Tuesday, May 16, 2017

Needless Complexity -- Creating Havoc Leads to Mistakes

I received the worst code example ever. The. Worst.

Here's the email.
I have hurriedly created a blog post titled [omitted] at the url below
[also omitted]
Unfortunately, I am neither an algorithm expert or a Python expert. However, I am willing to jump in. 
Please review the Python code snippets. I know that they work because I ran them using Python 2.7.6. It was the environment available on my work PC. Speed to get something to the group so that it does not disband outweighs spending time on environments. The goal is not to be Pythonic but to have anyone that has written any code follow the logic.
Also, please review the logic. Somehow, I managed to get the wrong answer. The entire blog post is a build to provide a solution to CLRS exercise 2.3-7. My analysis gave me the answer of O( {n [log n]}**2 ) and the CLRS answer is O(n [log n] ). Where did I screw up my logic?

The referenced blog post is shocking. The "neither an algorithm expert or a Python expert" is an understatement. The "willing to jump in" is perhaps a bad thing. I sent several comments. They were all ignored. I asked for changes a second time. That was also ignored. Eventually, changes were made reluctantly and only after a distressing amount of back-and-forth.

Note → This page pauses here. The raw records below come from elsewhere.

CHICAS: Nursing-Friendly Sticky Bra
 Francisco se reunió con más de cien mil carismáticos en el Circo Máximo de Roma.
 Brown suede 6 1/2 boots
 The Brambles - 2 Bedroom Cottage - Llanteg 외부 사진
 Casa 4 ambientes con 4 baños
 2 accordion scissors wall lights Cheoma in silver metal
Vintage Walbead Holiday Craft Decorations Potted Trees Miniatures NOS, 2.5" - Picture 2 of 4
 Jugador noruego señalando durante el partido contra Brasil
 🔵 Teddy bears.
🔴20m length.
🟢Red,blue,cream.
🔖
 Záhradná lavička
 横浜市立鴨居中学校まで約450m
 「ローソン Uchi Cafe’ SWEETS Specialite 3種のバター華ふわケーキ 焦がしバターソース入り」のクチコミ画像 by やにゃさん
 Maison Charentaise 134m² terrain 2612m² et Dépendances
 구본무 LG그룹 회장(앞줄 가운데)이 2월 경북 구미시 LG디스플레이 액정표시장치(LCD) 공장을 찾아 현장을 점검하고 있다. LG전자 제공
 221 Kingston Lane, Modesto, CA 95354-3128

Havoc was created through a process of casually misstating just about everything that can possibly be  misstated. It transcended mere "wrong" and enters that space where the whole thing can't even be falsified. It was beyond simply wrong.

My point here is (partially) to heap ridicule on the author. More importantly, want to isolate a number of issues to show how simple things can become needlessly complex and create havoc.

The Problem

The definition of the problem 2.3-7 seems so straightforward.
"Describe a $\Theta(n \log n)$-time algorithm that, given a set $S$ of $n$ integers and another integer $x$, determines whether or not there exist two elements in $S$ whose sum is exactly $x$."
This brings us to problem #1. The blog post is unable to actually repeat the problem. Here's the quote:
x + y = x0
x ∈ N and y ∈ N for some finite set of integer values N
x0: the integer to which x and y sum
x != y
It's not at all clear what's going on here. What's x0? What's N? Why is x!=y even introduced?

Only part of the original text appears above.